Activists say there could be threats to public safety, as the planners did not reach out to Cal Fire or the Santa Cruz County Sheriff’s Office early on to start a discussion. Santa Cruz County Sheriff Jim Hart notes that he isn’t “in a position to determine whether it’s a good thing or bad thing,” but he is concerned that Cal Fire and the sheriff’s office were left out of the early stages of the planning process.
Hart says it would cost $700,000 to $800,000 to pay an extra deputy to police the North Coast 24 hours a day.
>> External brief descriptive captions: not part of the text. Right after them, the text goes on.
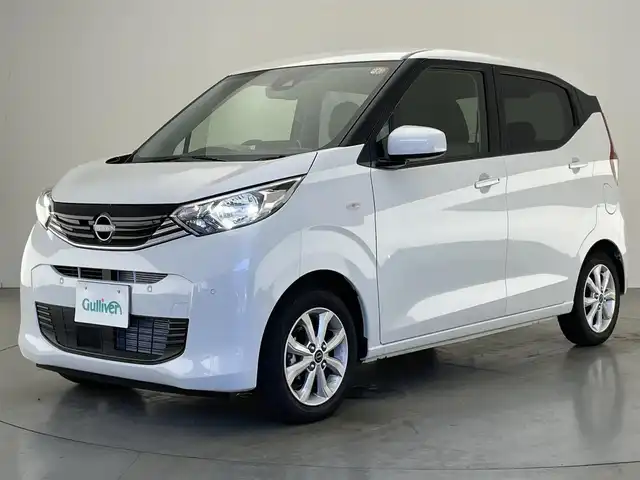 日産 デイズ X 大分県 2024(令6)年 0.6万km ホワイトパール 純正９型ＤＡナビ　フルセグＴＶ　Ｂｌｕｅｔｏｏｔｈ　バックカメラ　ＥＴＣ　ＬＥＤオートライト　純正前後ドラレコナビ連動　エマージェンシーブレーキ　衝突軽減　プッシュスタート　純正１４インチアルミ　ワンオナ　保証書　禁煙車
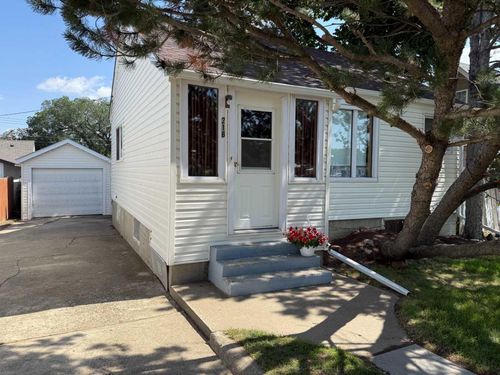 216 2 Street W, Bow Island, AB, T0K0G0 | Card Image
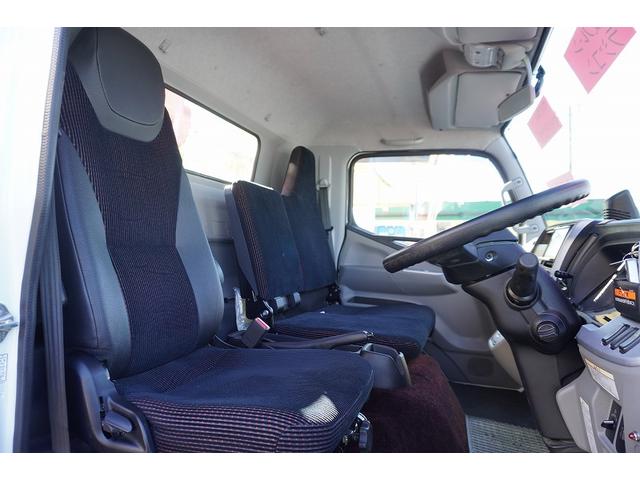 キャンター カスタム　ワイドロング　４段クレーン　ラジコン　２．９３ｔ吊　積載３８５０ｋｇ　古河ユニック製　フックイン　セイコーラック　アオリプロテクター付　ＬＥＤヘッドライト　フォグ　左電格ミラー　オートエアコン　ナビ　ＥＴＣ　メッキ　スマートキー　衝突軽減ブレーキ　ＡＴ（25枚目）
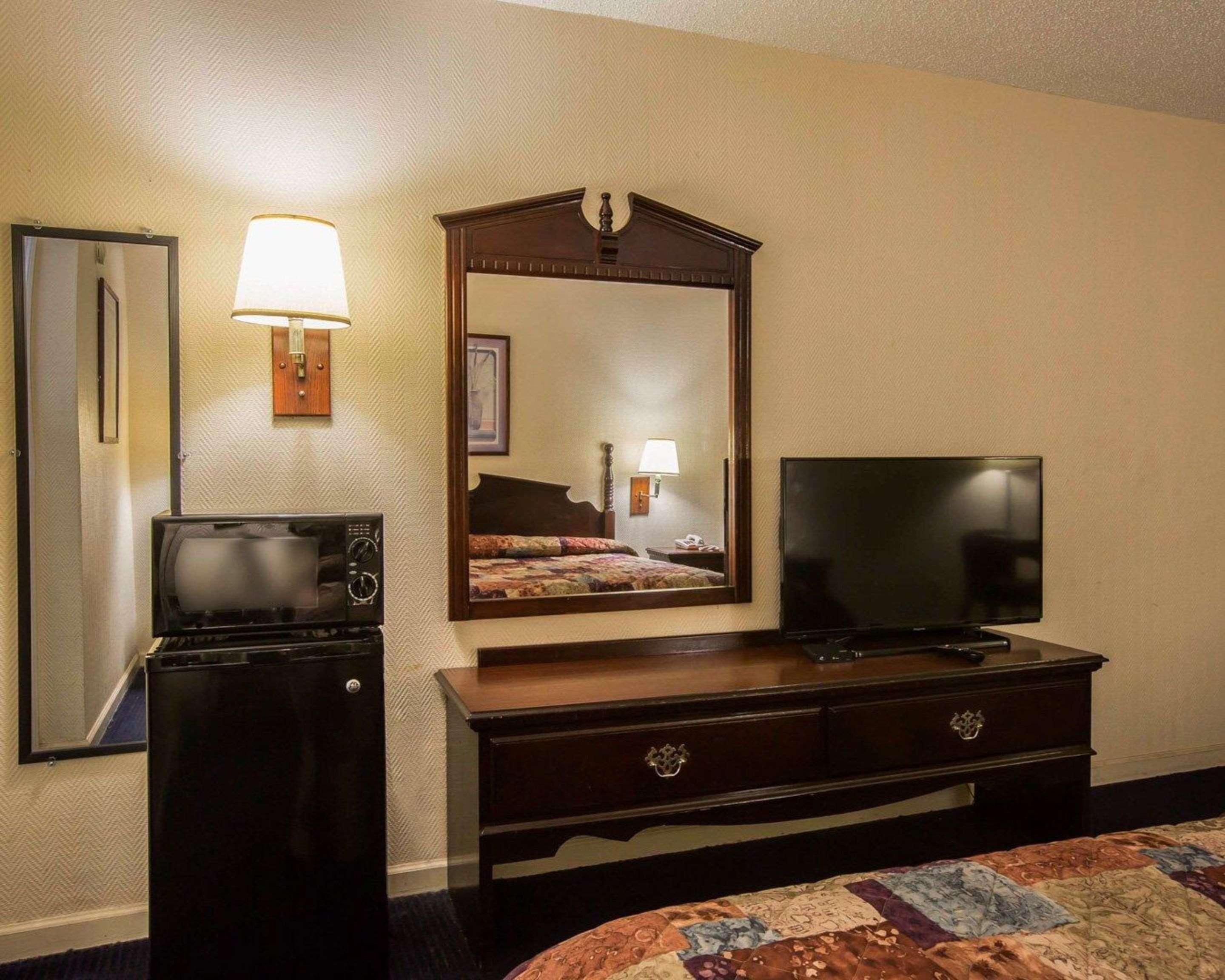 Rodeway Inn Phenix City Eksteriør bilde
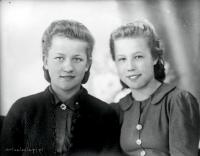 Koleżanki. Ok. 1950 rok
Teenaged firnds. Circa 1950.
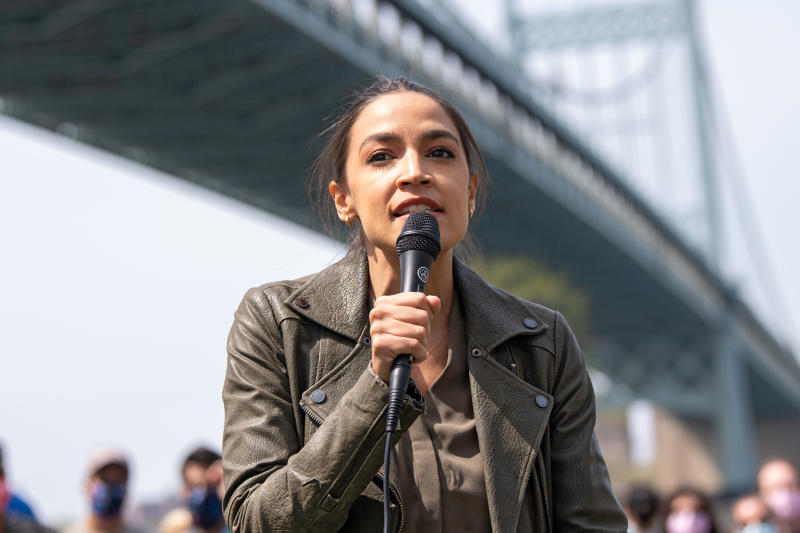 Alexandra Ocasio-Cortez: “La democrazia USA tra 10 anni potrebbe non esistere” Alexandra Ocasio-Cortez: “La democrazia USA tra 10 anni potrebbe non esistere”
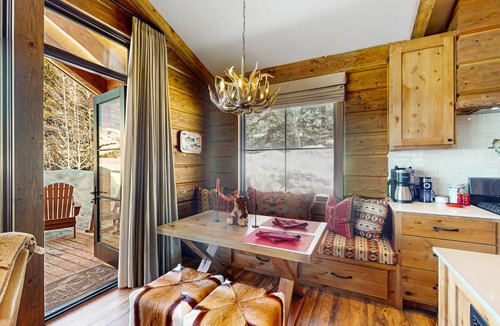 Sun Valley House | 109 m² House ∙ 2 bedrooms ∙ 6 guests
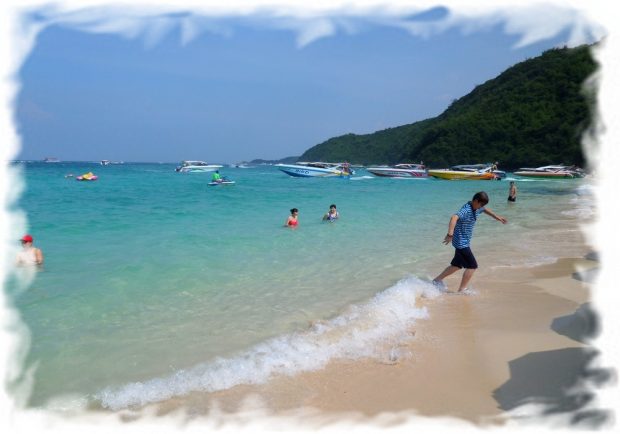Central part of Thong Lang Beach on Koh Larn in noon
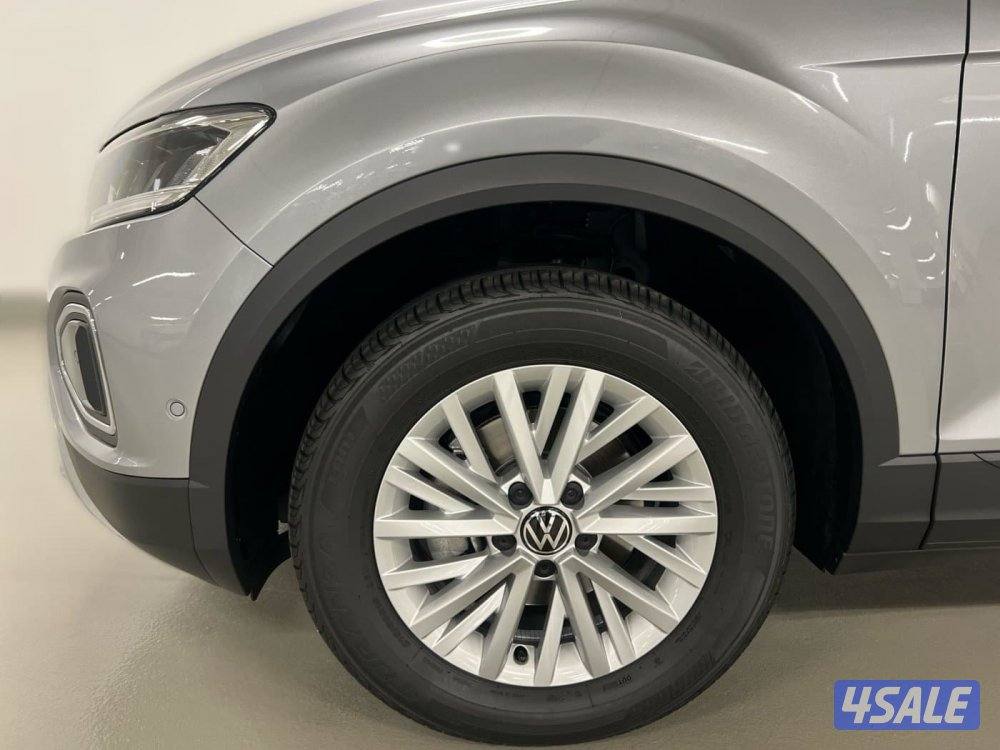 volkswagen T-Roc9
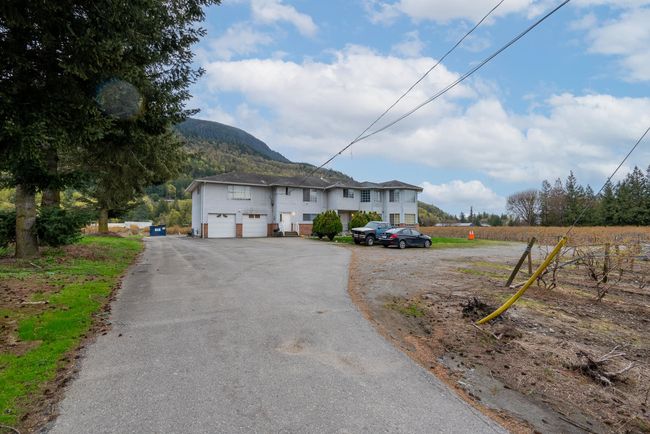 43830 Duncan Road, House other with 8 bedrooms, 5 bathrooms and null parking in Yarrow BC | Image 16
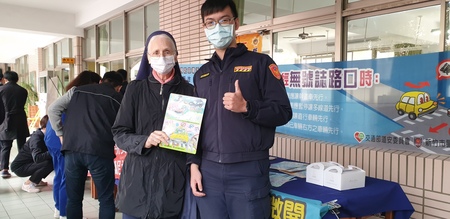 新竹市曙光女中校慶園遊會交通安全宣導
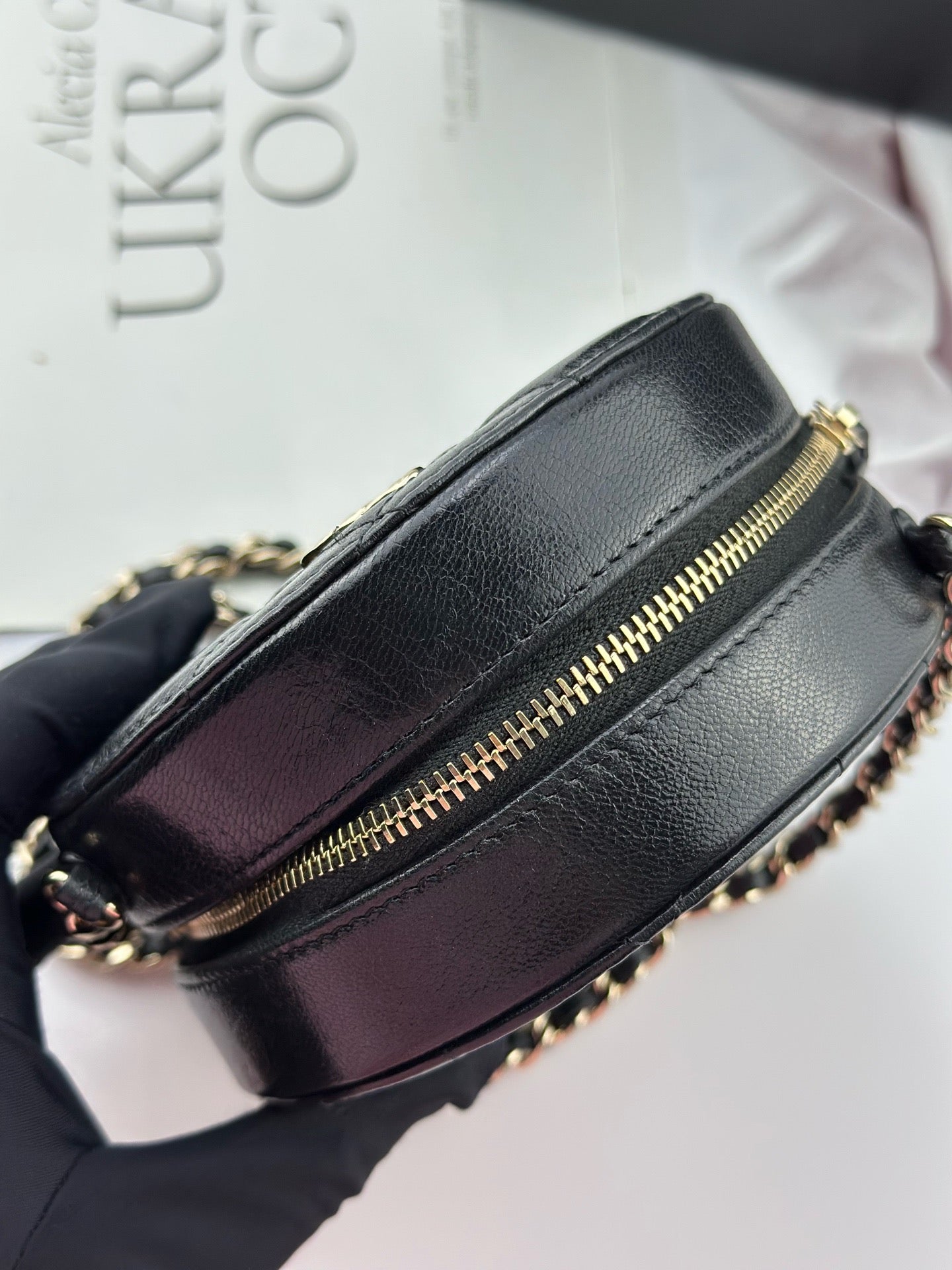 Chanel - Round Vanity Case Mini - Leather - Black - (mini)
He worries that with steep cliffs, strong ocean currents and the looming threat of forest fires, an influx of thousands of new visitors could pose a huge risk.
Indeed, public safety is something that still has to be ironed out, says District 1 County Supervisor Ryan Coonerty, who has a little over 3,000 constituents split between Davenport and Bonny Doon, and has been talking closely with both planners and neighbors. He boils his major concerns down into three areas, “trauma, traffic and trash”—all of which, he says, need to be addressed on the North Coast regardless of whether there’s a national monument or not.
Coonerty has worked with Davenport residents to make sure their concerns were heard. He went to Washington to meet with White House officials, as well as Rep. Anna Eshoo and Sen. Barbara Boxer, who have proposed bills to make the Coast Dairies a national monument. Although each bill is a long shot to pass in a Republican-controlled Congress, their language would hopefully serve as a template for Obama’s declaration if he makes one, Coonerty says.
Coonerty adds that the proposal is still early in the public process, and there will be more chances for input, including through the Bureau of Land Management, further down the road if Coast Dairies does get its designation.
Keeley and Reed say this is the time to push for a monument, as it’s an action presidents often take as they’re about to leave office. They say some of the details for the space’s use can be ironed out later.
But that roadmap is the kind that doesn’t sit well with Sheriff Hart, who would rather feel confident that the monument—if there’s going to be one—has the resources it needs. “It’s a lot like building a house without building codes or plumbing or electricity,” Hart says. “You have to have the infrastructure in place.”
Keeley and Reed say they would like to give the people what they want. And according to their poll data, the people of Santa Cruz County overwhelmingly want recreational green space on the North Coast. Keeley notes that when Davenport and Bonny Doon neighbors wanted to help secure the $45 million CEMEX parcel in 1998, he helped secure $6 million in state funding—so, he says, other Californians farther away from the park have a stake in it, too.
“Our view is this,” says Keeley. “The people of Davenport and Bonny Doon love Coast Dairies. The people of Santa Cruz, Capitola and Watsonville love Coast Dairies. There’s a disagreement about how best to love it.”
VIEW FROM THE TOP Leaders of the Coast Dairies campaign want President Obama to make a designation before he leaves office.